/Automate-identification-and-recognition-of-handwritten-text-from-an-image

This project offers an efficient method for identifying and recognizing handwritten text from images. Using a Convolutional Recurrent Neural Network (CRNN) for Optical Character Recognition (OCR), it effectively extracts text from images, aiding in the digitization of handwritten documents and automated text extraction.

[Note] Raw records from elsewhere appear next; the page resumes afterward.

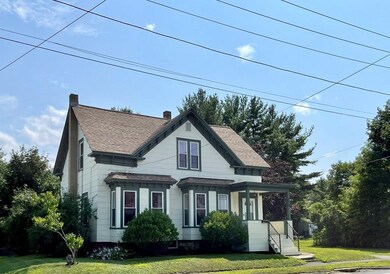 276 E Main St, Orange, MA 01364 - photo 2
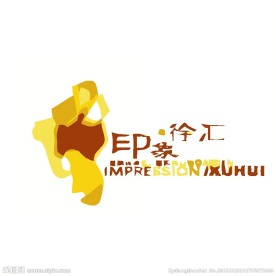 房地产logo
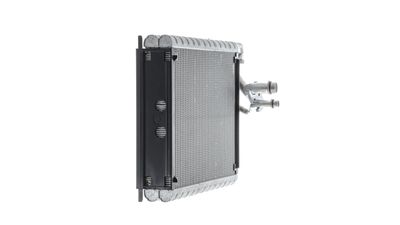 EVAPORATOR AER CONDITIONAT MAHLE AE89000P 41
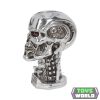 Terminator 2 Head tárolódoboz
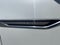 2022 Volkswagen Atlas Cross Sport 3.6L V6 SEL Premium R-Line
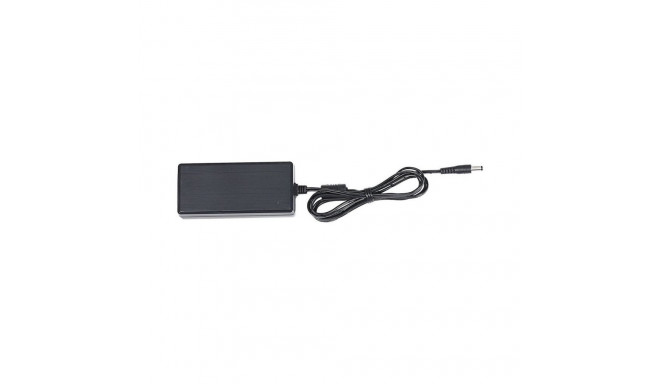 Godox AC Adapter TL Series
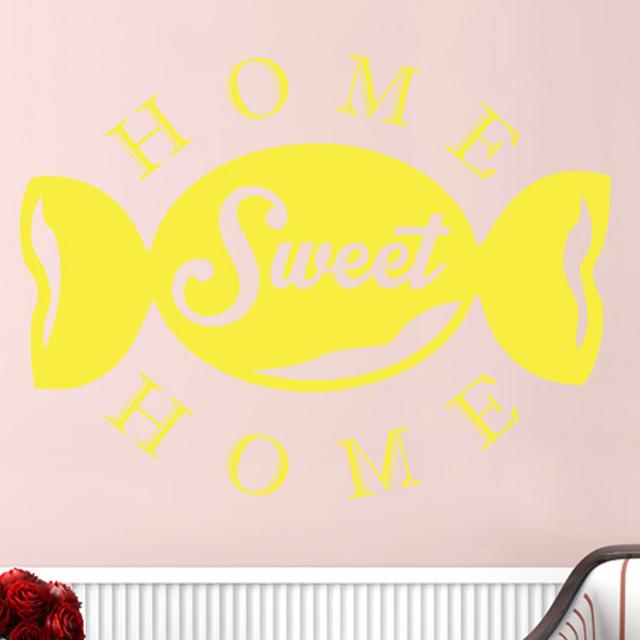 Non-Wall Damaging Wall Decal East Urban Home Size: Large, Colour: Bright Yellow on Productcaster.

Primary LanguageJupyter NotebookMIT LicenseMIT

Automate Identification and Recognition of Handwritten Text from an Image

CRNN Model

This repository contains the implementation of a CRNN (Convolutional Recurrent Neural Network) model designed to detect and recognize handwritten text from images. The CRNN combines convolutional layers for feature extraction with recurrent layers for sequence modeling, making it well-suited for tasks involving sequential data like text.

Introduction

Handwritten text recognition is a challenging task due to the variability in handwriting styles, orientations, and the presence of noise in images. This project leverages a CRNN architecture to accurately detect and recognize handwritten text from images, making it suitable for applications such as digitizing handwritten documents, automated form processing, and more.

Features

  • End-to-end text detection and recognition: Automatically detect and recognize text from input images.
  • CRNN architecture: Combines CNNs for feature extraction with RNNs for sequence modeling.
  • CTC loss function: Utilizes Connectionist Temporal Classification (CTC) for sequence prediction without pre-segmented labels.
  • Preprocessing utilities: Includes image preprocessing and augmentation utilities.

Installation

  1. Clone the repository:
    git clone https://github.com/VMD7/Automate-identification-and-recognition-of-handwritten-text-from-an-image
  2. Install the required dependencies:
    pip install -r requirements.txt

Model Architecture

The CRNN model architecture consists of the following components:

  • Convolutional Layers: Extract spatial features from input images.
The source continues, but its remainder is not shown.